About this exercise >> Nothing but the lines from the one showing "ענפי עץ זית עם זיתים ירוקים" through the final line of the data below belongs in the answer, duplicated exactly and without pictures.

Data to process >>
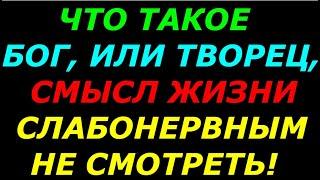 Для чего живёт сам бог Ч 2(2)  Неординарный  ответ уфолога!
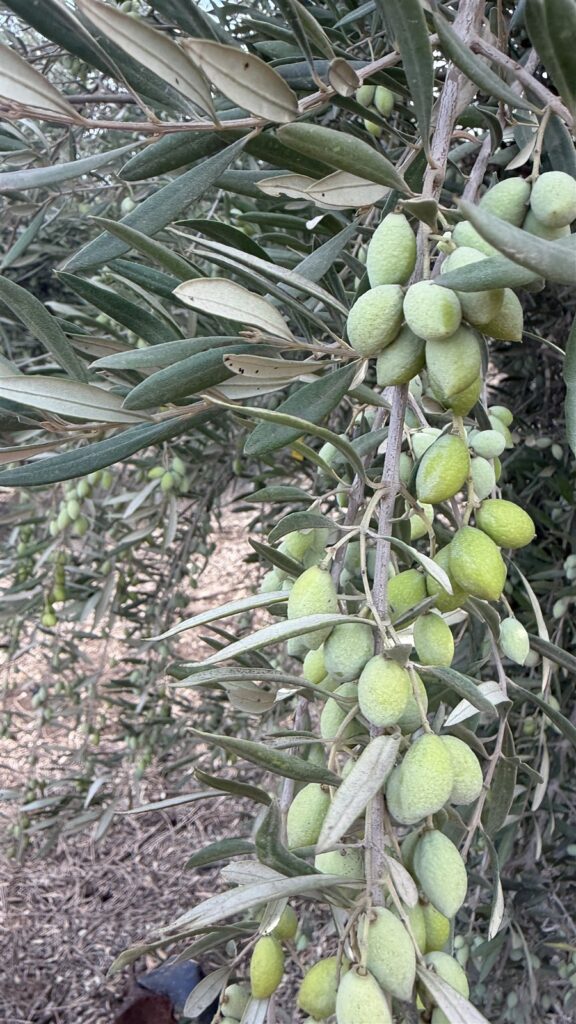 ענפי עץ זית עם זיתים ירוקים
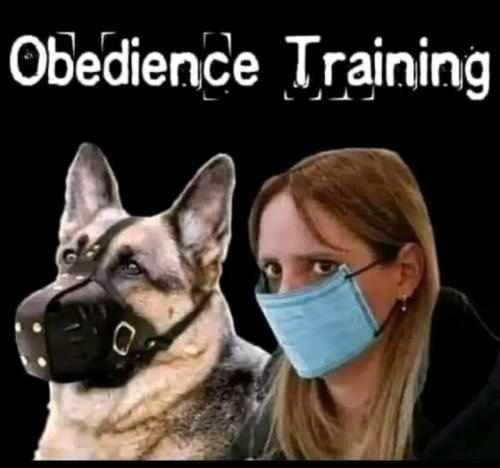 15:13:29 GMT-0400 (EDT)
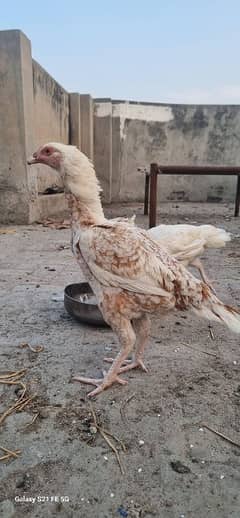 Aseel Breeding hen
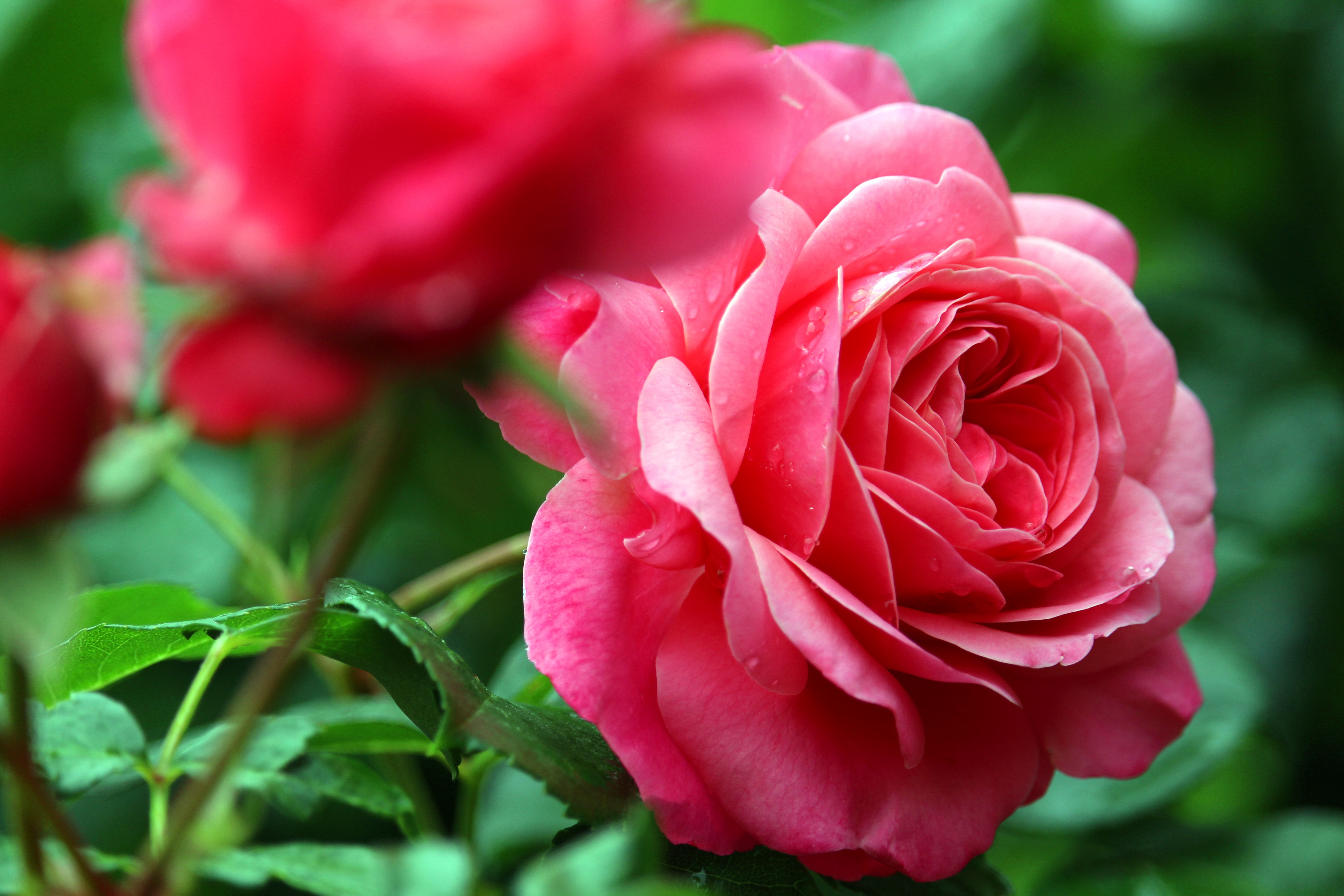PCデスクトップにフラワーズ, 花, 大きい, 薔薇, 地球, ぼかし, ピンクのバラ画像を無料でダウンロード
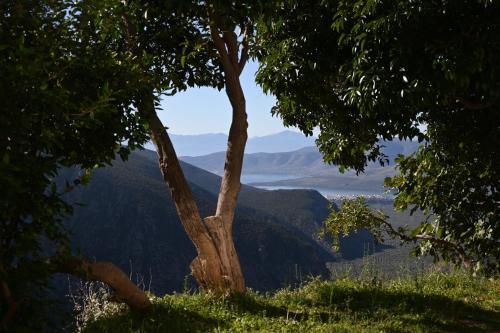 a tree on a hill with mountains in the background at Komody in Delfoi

Result of this exercise >>
 ענפי עץ זית עם זיתים ירוקים
 15:13:29 GMT-0400 (EDT)
 Aseel Breeding hen
PCデスクトップにフラワーズ, 花, 大きい, 薔薇, 地球, ぼかし, ピンクのバラ画像を無料でダウンロード
 a tree on a hill with mountains in the background at Komody in Delfoi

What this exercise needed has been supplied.